The following is an account of a beginner trying to make his photo dance. He starts by chopping it into groups of three..
Tell me about this Rule of Thirds
The Rule of Thirds is best described as a “rule of thumb.” It is not something to be strictly and devoutly followed at all times. It’s more of a convention.
The main point of interest on the person, cat, building, sky or whatever object it is we want to draw most attention to -the subject- it is most often placed near the center of a photograph. For example:
It’s a pretty little birdie, that’s for sure. This is a fine orientation to make nice photos with, and people do. But it’s the most common orientation of photographer-subject that people just starting photography tend to focus on. It’s healthy to practice moving the most eye catching element to different locations on a photograph. Doing so teaches one to utilize the other areas of the photo.
In practical terms, this can be translated into: “If your intended subject is at the centre of your photo, and you don’t know what you’re doing or why, it’s probably wise to try moving that subject around.”
What has that Rule of Thirds fellow ever done for us, anyhow?!
Well, for beginners like me, it’s an effective method of practice.
It offers a box to explore. One that can be broken out of in a meaningful way when the box is first understood. It is a restriction, and restriction breeds creativity.
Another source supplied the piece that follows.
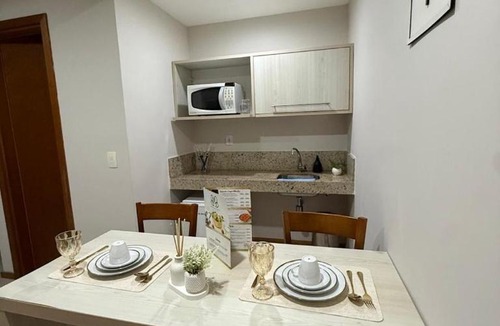 Itacuruca Apartment | Ap Flat vista mar Porto Marina Mont Blanc Itacuruçá GuerraLoft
Above, I had the subject lean against a wall, taking up close to a third of the photo from the left. Her head – a natural point of interest in photography, especially the eyes – is close to the intersection of background and the left side. That is where I intended a viewer’s eyes to be first drawn to. I intended to draw attention first to her, then to the the tall cathedrals in the background along with the sky, and finally to the winding alleys of Cork City and the countryside beyond. In this photo the centre contained only a secondary point of interest, I was intentionally trying to pull attention away from there.
She is slightly more out of focus than I desired. A little more detail would have made her presence more dominating. I need to work on my depth of field control to make sure I’m capturing those ideas better. I do like the sense of pull in this photo though. I can imagine the subject turning to walk to the city below. Or she could pull away from it by walking towards the camera. Either way, I feel forces at play here. Moving my point of interest away from the centre allowed me to see new possibilities, new ways to use the whole of the picture’s area to achieve different functions.
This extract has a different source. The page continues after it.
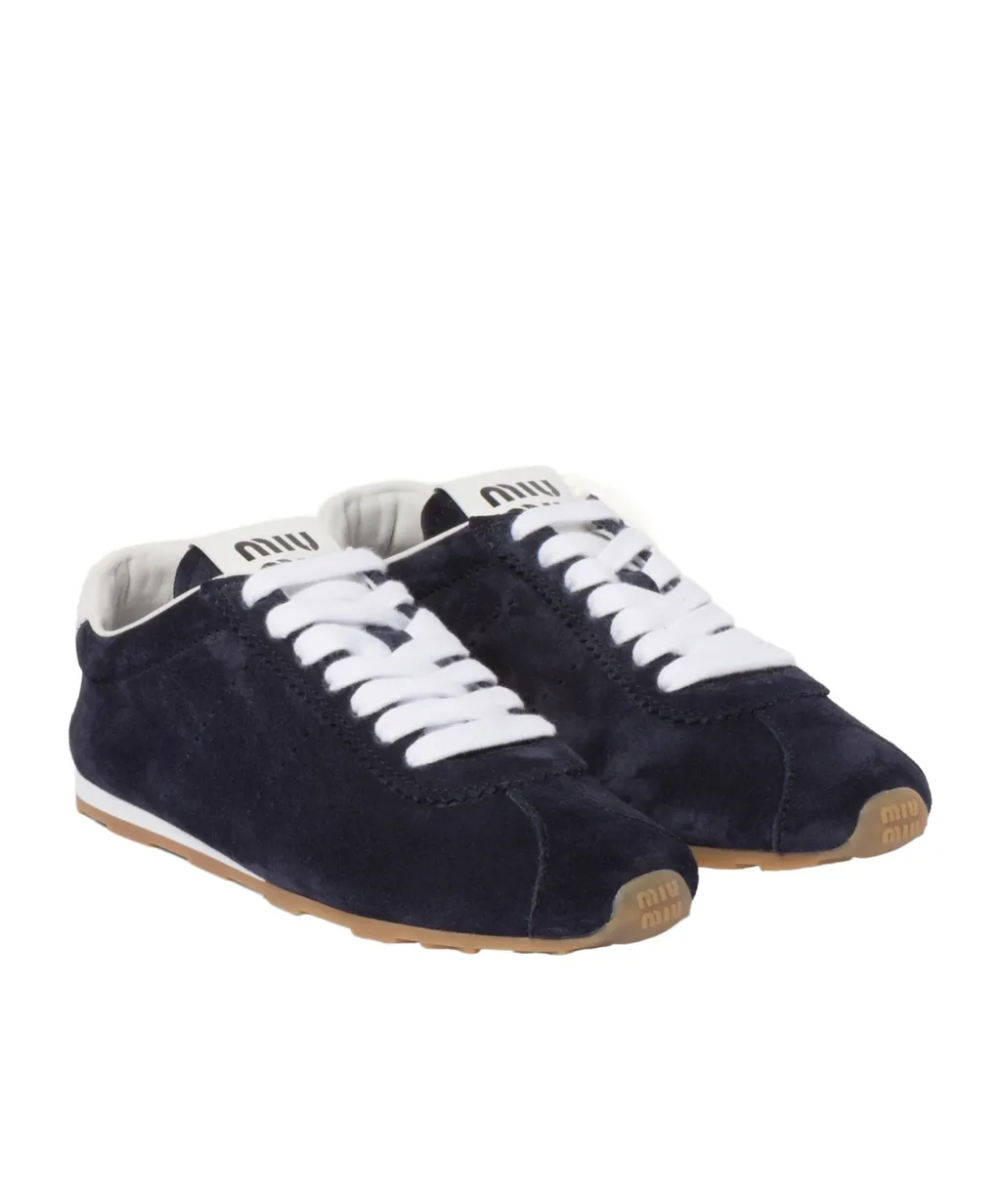 Plume Suede Sneakers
If you’d like to know more about the Rule Of Thirds, I personally found this explanation simple, succinct, and practical – see by clicking here
I will be posting regular pics with more of my attempts to apply the rule of thirds. With only minimal explanation, These will be little more than a standalone image. I’ll do so until I feel comfortable moving onto a new regular pic-challenge.
I’m meeting up with a professional photographer friend tomorrow. That means an opportunity to use a DSLR instead of the point-and-shoot Kodak I’ve used up to this point. I’m excited to learn from him and the experience of using a massively more powerful device. I’ll post some of those soon too. More than likely with a few comments thrown in.
Till then, happy snapping, you photo saps!